• _Task_:
Give the data again, word for word.

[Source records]
○ ○ ○ ○ ○ ○ ○

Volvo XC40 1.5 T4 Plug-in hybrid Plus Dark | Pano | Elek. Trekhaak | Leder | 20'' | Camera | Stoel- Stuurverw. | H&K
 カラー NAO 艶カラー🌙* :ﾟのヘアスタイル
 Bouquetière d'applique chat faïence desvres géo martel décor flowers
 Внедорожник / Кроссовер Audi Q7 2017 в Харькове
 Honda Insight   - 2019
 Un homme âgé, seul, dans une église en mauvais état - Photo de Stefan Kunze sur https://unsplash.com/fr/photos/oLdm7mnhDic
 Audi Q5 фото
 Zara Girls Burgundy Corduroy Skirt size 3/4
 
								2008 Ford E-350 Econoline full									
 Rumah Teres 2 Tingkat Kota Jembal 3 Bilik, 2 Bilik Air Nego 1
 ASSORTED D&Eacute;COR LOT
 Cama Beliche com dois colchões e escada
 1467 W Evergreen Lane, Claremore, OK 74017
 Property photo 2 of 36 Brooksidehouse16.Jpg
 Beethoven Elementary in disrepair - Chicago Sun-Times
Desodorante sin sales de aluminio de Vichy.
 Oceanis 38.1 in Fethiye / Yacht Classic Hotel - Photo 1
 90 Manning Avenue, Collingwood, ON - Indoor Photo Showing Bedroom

○ ○ ○ ○ ○ ○ ○

• _Exercise output_:
Volvo XC40 1.5 T4 Plug-in hybrid Plus Dark | Pano | Elek. Trekhaak | Leder | 20'' | Camera | Stoel- Stuurverw. | H&K
 カラー NAO 艶カラー🌙* :ﾟのヘアスタイル
 Bouquetière d'applique chat faïence desvres géo martel décor flowers
 Внедорожник / Кроссовер Audi Q7 2017 в Харькове
 Honda Insight   - 2019
 Un homme âgé, seul, dans une église en mauvais état - Photo de Stefan Kunze sur https://unsplash.com/fr/photos/oLdm7mnhDic
 Audi Q5 фото
 Zara Girls Burgundy Corduroy Skirt size 3/4
 
								2008 Ford E-350 Econoline full									
 Rumah Teres 2 Tingkat Kota Jembal 3 Bilik, 2 Bilik Air Nego 1
 ASSORTED D&Eacute;COR LOT
 Cama Beliche com dois colchões e escada
 1467 W Evergreen Lane, Claremore, OK 74017
 Property photo 2 of 36 Brooksidehouse16.Jpg
 Beethoven Elementary in disrepair - Chicago Sun-Times
Desodorante sin sales de aluminio de Vichy.
 Oceanis 38.1 in Fethiye / Yacht Classic Hotel - Photo 1
 90 Manning Avenue, Collingwood, ON - Indoor Photo Showing Bedroom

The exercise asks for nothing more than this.